Have you gotten your organization's I-score? What about your own personal I-score? If innovation is the new black, then everyone who doesn't have it is going to want to know how to get it, or pretend they don't need it and then sneak the consultant in after dark to cool them up. In a couple of years there will be a major scandal when it is discovered that some CEO doctored the results of his HBDI (Herrmann Brain Dominance Instrument) assessment when he was younger and between jobs.
That will be followed by some backlash and reflection on the whole subject by the pundits. Best-sellers will include titles such as The Seven Habits of Highly Innovative People; Innovative Dad, Rich Dad; Good to Great Innovators!; and, of course, The One Minute Innovator.
The key metric in any business has to be customer satisfaction ("Satisfaction not guaranteed," News: Analysis & Commentary, June 19). It is a predictor of the short-term earnings and long-term value of a business. For a large company it becomes very complicated to measure and monitor, but it is crucial to do so. Even more crucial is the ability to diagnose a slipping customer-satisfaction index and then prescribe effective solutions.
Mega-retailers such as Home Depot Inc. (HD) have learned that cutting costs also cuts customer benefits, which damages loyalty and ultimately causes the loss of customers.
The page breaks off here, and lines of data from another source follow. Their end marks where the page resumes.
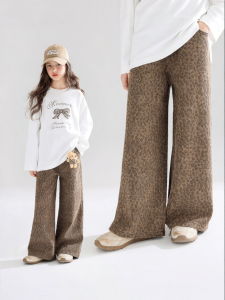 MUCMUKN | Soft Leopard Print American Vintage Girls Jeans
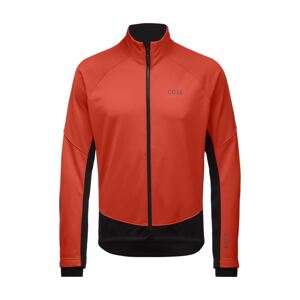 GORE Cyklistická zateplená bunda - C5 GTX I THERMO - oranžová/černá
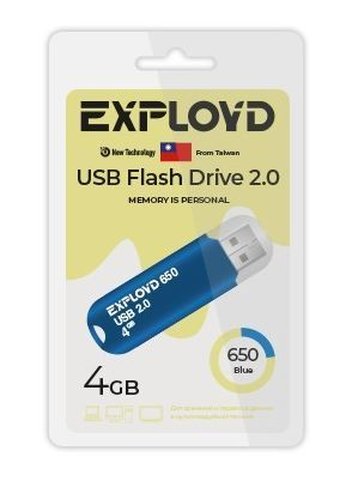 Флеш диск 4GB Exployd EX-4GB-650-Blue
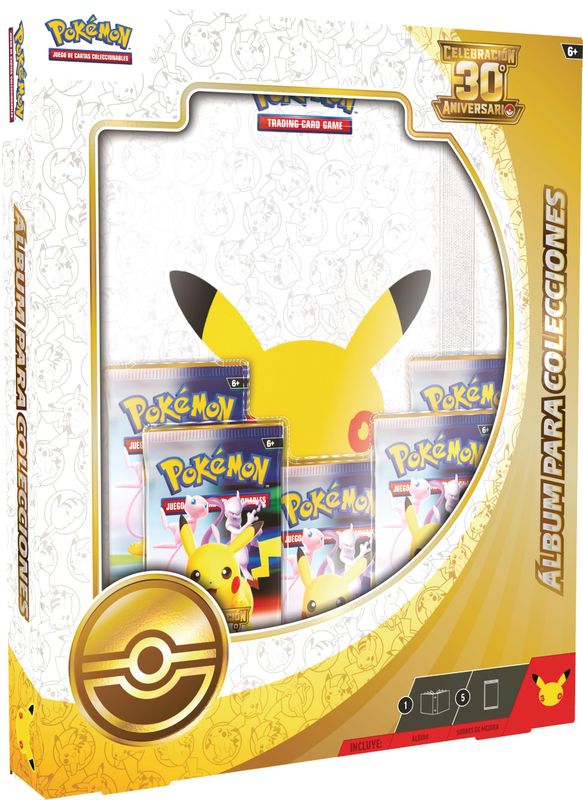 Colección con Album - 30 Aniversario Pokémon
The same has happened at Dell Inc. (DELL): The company has focused on costs so intensively that it lost its focus on the customer experience.
I wish BusinessWeek would post more customer-satisfaction information, which is a predictive indicator of a company's future value. It would be very useful to your readers.
Thomas E. Bayer, CPA
Service isn't everything, but in the long run, when it comes to customer retention, it's just about everything.
J. Alan Day
It's symptomatic of our failing healthcare system that Big Pharma has joined the medical service industry ("Big Pharma's nurse will see you now," Science & Technology, June 12). In doing so, companies walk a fine ethical line between care for patients and care for shareholders. The nurses are clearly providing a valuable and, perhaps, necessary service to both patients and physicians. The argument that these nurses make physicians' jobs easier is similar to the assertion that drug reps do the same -- neither is necessarily true if our physicians prescribe according to the best medical evidence available.
Still, it is certainly preferable to see drug companies spend money on patients rather than physicians. The ethical complications of the latter scenario are numerous. Physicians must take care to understand the effects these marketing practices have on their prescribing practices.